Each entry below must appear in the output exactly as written.

**Extracted information:**
* * *
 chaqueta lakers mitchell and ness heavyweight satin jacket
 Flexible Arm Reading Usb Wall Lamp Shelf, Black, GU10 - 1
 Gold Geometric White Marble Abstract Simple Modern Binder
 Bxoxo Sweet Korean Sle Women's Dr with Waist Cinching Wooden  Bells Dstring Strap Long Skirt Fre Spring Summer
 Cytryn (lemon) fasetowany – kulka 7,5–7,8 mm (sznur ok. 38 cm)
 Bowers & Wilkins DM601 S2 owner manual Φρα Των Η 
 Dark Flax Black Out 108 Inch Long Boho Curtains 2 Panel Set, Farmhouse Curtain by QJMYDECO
* * *
**Answer space:**
 chaqueta lakers mitchell and ness heavyweight satin jacket
 Flexible Arm Reading Usb Wall Lamp Shelf, Black, GU10 - 1
 Gold Geometric White Marble Abstract Simple Modern Binder
 Bxoxo Sweet Korean Sle Women's Dr with Waist Cinching Wooden  Bells Dstring Strap Long Skirt Fre Spring Summer
 Cytryn (lemon) fasetowany – kulka 7,5–7,8 mm (sznur ok. 38 cm)
 Bowers & Wilkins DM601 S2 owner manual Φρα Των Η 
 Dark Flax Black Out 108 Inch Long Boho Curtains 2 Panel Set, Farmhouse Curtain by QJMYDECO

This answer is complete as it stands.